Chris Gray

No. 62
- Positions: Guard, center

Personal information
- Born: June 19, 1970 (age 55) Birmingham, Alabama, U.S.
- Listed height: 6 ft 4 in (1.93 m)
- Listed weight: 308 lb (140 kg)

Career information
- High school: Homewood (Homewood, Alabama)
- College: Auburn
- NFL draft: 1993: 5th round, 132nd overall pick

Career history
- Miami Dolphins (1993–1996); Chicago Bears (1997); Seattle Seahawks (1998–2007);

Awards and highlights
- Seattle Seahawks Top 50 players; Second-team All-SEC (1992);

Career NFL statistics
- Games played: 208
- Games started: 170
- Fumble recoveries: 5
- Stats at Pro Football Reference

= Chris Gray (American football) =

American football player (born 1970)

Christopher William Gray (born June 19, 1970) is an American former professional football player who was a guard in the National Football League (NFL). He played college football for the Auburn Tigers and was selected 132nd overall by the Miami Dolphins in the fifth round of the 1993 NFL draft.

Gray played four seasons with the Dolphins until 1996, one season for the Chicago Bears in 1997 and finally over a decade with the Seattle Seahawks. He retired from the Seahawks prior to the 2008 season because he was "at risk for paralysis because of a lower back and spine injury...."

Chris Gray holds the Seahawks franchise record for consecutive starts with 121 and is 9th for total games with 145.
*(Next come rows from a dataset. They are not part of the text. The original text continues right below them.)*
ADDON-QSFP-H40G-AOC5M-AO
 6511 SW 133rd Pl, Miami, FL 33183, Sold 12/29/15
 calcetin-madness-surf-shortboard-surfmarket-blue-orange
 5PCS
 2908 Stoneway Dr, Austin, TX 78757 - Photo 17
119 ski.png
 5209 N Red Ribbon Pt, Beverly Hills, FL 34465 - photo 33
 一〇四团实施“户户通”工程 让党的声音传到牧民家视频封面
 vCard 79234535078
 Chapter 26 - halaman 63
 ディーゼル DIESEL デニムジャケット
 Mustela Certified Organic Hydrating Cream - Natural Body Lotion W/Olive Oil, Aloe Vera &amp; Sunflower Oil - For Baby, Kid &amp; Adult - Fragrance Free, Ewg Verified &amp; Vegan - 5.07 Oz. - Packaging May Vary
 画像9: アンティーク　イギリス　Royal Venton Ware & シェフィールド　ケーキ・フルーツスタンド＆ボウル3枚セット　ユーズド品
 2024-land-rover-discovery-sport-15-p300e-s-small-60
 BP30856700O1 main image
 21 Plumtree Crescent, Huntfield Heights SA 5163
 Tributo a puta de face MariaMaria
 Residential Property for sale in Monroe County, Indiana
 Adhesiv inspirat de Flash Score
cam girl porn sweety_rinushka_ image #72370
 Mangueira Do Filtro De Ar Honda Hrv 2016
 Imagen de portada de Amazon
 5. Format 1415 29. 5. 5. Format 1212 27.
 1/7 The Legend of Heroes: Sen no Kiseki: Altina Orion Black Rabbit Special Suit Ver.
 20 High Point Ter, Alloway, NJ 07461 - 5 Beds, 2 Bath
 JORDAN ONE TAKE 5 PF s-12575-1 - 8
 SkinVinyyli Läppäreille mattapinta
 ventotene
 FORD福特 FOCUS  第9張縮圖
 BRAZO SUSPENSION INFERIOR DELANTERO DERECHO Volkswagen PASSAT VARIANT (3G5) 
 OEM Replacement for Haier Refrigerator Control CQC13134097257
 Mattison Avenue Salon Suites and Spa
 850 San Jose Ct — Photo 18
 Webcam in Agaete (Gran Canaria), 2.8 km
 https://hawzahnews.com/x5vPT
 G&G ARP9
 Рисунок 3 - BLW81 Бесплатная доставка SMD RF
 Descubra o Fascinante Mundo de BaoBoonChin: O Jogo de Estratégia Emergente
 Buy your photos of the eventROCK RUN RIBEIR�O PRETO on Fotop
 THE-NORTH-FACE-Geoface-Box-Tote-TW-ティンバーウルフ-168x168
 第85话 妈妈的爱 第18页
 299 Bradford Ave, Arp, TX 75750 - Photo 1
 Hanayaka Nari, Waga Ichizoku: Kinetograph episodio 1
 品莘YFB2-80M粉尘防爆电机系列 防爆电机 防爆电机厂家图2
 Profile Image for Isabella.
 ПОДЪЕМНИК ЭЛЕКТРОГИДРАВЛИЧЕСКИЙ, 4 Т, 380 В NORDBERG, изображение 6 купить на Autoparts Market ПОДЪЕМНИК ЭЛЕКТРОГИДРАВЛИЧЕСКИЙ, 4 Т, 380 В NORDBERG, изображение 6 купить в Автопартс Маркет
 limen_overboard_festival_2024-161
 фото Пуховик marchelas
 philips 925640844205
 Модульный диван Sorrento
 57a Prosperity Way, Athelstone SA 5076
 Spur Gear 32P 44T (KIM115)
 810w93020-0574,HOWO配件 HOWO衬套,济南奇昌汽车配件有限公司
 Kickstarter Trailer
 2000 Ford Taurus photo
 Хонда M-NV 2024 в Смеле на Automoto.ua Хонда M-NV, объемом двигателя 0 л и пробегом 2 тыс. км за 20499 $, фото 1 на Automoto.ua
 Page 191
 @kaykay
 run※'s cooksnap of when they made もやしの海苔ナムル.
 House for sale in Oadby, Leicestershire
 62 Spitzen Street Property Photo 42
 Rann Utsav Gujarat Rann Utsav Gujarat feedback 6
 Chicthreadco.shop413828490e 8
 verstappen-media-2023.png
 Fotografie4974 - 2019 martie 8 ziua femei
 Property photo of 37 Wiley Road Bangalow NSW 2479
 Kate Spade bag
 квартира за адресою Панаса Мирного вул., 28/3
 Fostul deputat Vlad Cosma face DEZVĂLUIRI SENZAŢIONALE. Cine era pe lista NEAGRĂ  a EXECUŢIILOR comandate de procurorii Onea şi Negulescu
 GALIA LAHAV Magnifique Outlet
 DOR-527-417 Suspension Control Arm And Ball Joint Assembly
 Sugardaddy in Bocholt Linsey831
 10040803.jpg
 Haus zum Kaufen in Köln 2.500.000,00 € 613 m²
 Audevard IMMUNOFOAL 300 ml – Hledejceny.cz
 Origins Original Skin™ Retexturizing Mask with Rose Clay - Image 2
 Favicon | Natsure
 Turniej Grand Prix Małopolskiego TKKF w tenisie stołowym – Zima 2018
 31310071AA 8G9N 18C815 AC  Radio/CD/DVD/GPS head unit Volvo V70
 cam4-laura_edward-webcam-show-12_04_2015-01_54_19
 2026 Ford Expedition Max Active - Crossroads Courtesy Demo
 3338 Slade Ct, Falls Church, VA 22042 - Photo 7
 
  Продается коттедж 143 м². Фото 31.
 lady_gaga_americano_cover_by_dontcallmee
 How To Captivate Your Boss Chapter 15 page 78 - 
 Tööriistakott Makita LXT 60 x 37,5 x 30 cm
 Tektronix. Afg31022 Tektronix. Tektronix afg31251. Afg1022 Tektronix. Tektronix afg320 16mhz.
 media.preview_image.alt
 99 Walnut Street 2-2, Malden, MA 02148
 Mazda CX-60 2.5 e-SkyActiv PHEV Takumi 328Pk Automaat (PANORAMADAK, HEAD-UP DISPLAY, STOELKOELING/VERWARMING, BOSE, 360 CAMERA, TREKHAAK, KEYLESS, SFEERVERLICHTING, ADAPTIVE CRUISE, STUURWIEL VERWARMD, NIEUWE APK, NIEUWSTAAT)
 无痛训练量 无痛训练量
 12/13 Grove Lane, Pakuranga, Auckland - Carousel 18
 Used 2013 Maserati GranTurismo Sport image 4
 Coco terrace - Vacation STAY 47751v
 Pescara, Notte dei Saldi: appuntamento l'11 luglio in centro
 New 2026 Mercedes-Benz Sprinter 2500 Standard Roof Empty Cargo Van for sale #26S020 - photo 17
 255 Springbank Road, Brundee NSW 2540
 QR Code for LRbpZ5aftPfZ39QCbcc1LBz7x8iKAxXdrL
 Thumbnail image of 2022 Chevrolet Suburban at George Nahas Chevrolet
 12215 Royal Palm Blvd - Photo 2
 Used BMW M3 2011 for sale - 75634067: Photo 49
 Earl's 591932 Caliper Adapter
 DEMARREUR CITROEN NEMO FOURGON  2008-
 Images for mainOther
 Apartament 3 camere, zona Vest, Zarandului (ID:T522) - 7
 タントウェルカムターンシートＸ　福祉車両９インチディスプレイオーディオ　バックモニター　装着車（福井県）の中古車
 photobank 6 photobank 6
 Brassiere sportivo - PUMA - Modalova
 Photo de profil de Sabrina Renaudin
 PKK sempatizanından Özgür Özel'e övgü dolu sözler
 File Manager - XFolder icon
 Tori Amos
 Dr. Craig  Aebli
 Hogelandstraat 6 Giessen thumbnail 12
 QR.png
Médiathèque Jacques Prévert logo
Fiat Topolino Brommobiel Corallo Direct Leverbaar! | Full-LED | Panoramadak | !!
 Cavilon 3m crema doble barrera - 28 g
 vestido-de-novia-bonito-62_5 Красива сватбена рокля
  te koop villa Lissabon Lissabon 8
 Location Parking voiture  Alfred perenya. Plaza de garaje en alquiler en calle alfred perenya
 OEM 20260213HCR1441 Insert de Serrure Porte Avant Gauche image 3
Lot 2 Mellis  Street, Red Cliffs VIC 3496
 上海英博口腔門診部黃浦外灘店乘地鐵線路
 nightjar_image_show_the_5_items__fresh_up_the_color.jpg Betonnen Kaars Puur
Although he never made it into the Pro Bowl, he was an integral part of the offensive line that blocked for Matt Hasselbeck and Shaun Alexander during their five consecutive playoff appearances (2003–2007), including Alexander's MVP year in 2005. He was also on the 1999 AFC West Champion Seahawks. During his career with the Seahawks, he played every position on their offensive line.

In 2008, Gray was a recipient of the Ed Block Courage Award, and in 2015, he was inducted into the Alabama Sports Hall of Fame.